Doubts about Western willingness to aid Algeria have lingered since the country's first multiparty national elections were canceled in January. The first round of voting in December had portended a huge victory for Islamic fundamentalists, prompting antifundamentalist military leaders to force the resignation of President Chadli Benjedid. A council of state was named to run the country and a two-year state of emergency imposed, after which free elections are promised.
Since shortly after the new leaders took power, emissaries have been sent to several Western and Arab capitals to secure political and financial support and to address concerns in Western capitals over the democratic process, and concerns in Gulf countries over Algeria's crackdown on fundamentalism.
The $1.45 billion credit, involving banks from European countries, the United States, and Japan, is particularly important because it allows Algeria to soften its debt repayment requirements over the next two years, the same two years the government has publicly stated it needs to get the economy back on its feet.
An ambitious plan for turning around Algeria's disastrous economy, announced by Prime Minister Sid Ahmed Ghozali last month, counts not only on the country's industrial machine, and billions of dollars in imports this year to get it running again, but also on the construction of 380,000 housing units over two years, to slash 25 percent unemployment.
The plan had virtually no chance of being implemented, however, without the refinancing accord which replaces short-term debt with longer-term loans.
Algeria already spends more than three-fourths of its annual income from oil and gas exports, which account for over 90 of export income, to pay back its $25 billion foreign debt. Yet particularly steep repayments were scheduled for the next two years, with more than $8 billion due in 1992 alone.
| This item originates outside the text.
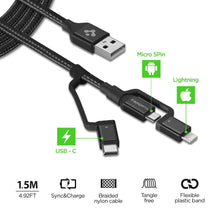 Load image into Gallery viewer, DuraSync 3-in-1 Charger Cable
The accord among private banks, to be signed in Paris tomorrow, is also expected to pave the way for Algeria to receive more than $1 billion in loans from the European Community, the World Bank, and the International Monetary Fund.
French Finance Minister Pierre Bgovoy said Thursday that French and US officials had conferred on the Algerian loan question. EC countries also discussed how to respond to Algeria's situation.
Whether Algeria is successful in reversing its decade-long slide into turmoil and the accompanying rise of Islamic fundamentalism may hinge on how leaders manage the financial respite just accorded them. Massive imports of products to stave off consumer discontent will not be enough, some analysts warn.
"Traditionally Algeria hasn't used injections of fresh money for making crucial investments," says Abdelkader Djeghloul, an Algerian sociologist who has written extensively on his country. But if Algeria needs foreign money, "it is to invest in viable industrial enterprises."
That does not mean buying heavy industrial plants to operate independently, as a socialist Algerian state tried in the 1970s, Mr. Djeghloul adds, but development of foreign partnerships.
"Algeria has to put aside the source of its pride for the past 30 years, its jealous independence, and ask others to come help us," he says. "With that and only in this way is there a little hope."